F. PEMERIKSAAN PENUNJANG
1. Pemeriksaan Laboratorium
a. Urine
Dalam urine terdapat urobilnogen juga terdapat bilirubin bila penderita ada ikterus. Pada
penderita dengan asites , maka ekskresi Na dalam urine berkurang ( urine kurang dari 4
meq/l) menunjukkan kemungkinan telah terjadi syndrome hepatorenal.
b. Tinja
Terdapat kenaikan kadar sterkobilinogen. Pada penderita dengan ikterus, ekskresi pigmen
empedu rendah.

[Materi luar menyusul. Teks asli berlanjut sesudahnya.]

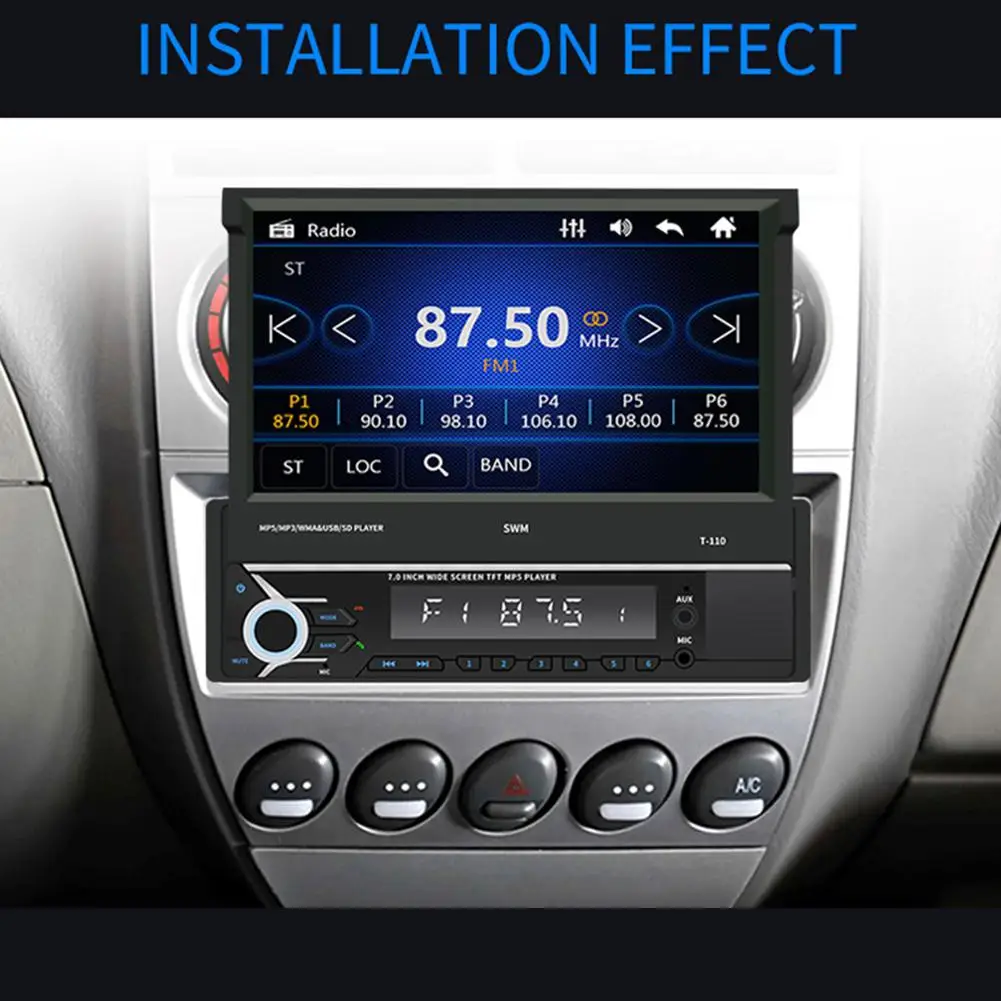 7 дюймов сенсорный экран автомобиля радио MP5 мультимедиа CD Видео плеер Bluetooth fm-передатчик Авторадио реверсивное изображение с камерой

Sterkobilinogen yang tidak terserap oleh darah, di dalam usus akan
diubah menjadi sterkobilin yaitu suatu pigmen yang menyebabkan tinja berwarna cokelat
atau kehitaman.
c. Darah
Biasanya dijumpai normostik normokronik anemia yang ringan, kadang –kadang dalam
bentuk makrositer yang disebabkan kekurangan asam folik dan vitamin B12 atau karena
splenomegali. Bilamana penderita pernah mengalami perdarahan gastrointestinal maka
baru akan terjadi hipokromik anemi. Juga dijumpai likopeni bersamaan dengan adanya
trombositopeni.
d. Tes Faal Hati
Penderita sirosis banyak mengalami gangguan tes faal hati, lebih lagi penderita yang
sudah disertai tanda-tanda hipertensi portal. Pada sirosis globulin menaik, sedangkan
albumin menurun. Pada orang normal tiap hari akan diproduksi 10-16 gr albumin, pada

orang dengan sirosis hanya dapat disintesa antara 3,5-5,9 gr per hari. 9 Kadar normal

albumin dalam darah 3,5-5,0 g/dL38. Jumlah albumin dan globulin yang masing-masing
diukur melalui proses yang disebut elektroforesis protein serum. Perbandingan normal

albumin : globulin adalah 2:1 atau lebih. 39 Selain itu, kadar asam empedu juga termasuk
salah satu tes faal hati yang peka untuk mendeteksi kelainan hati secara dini.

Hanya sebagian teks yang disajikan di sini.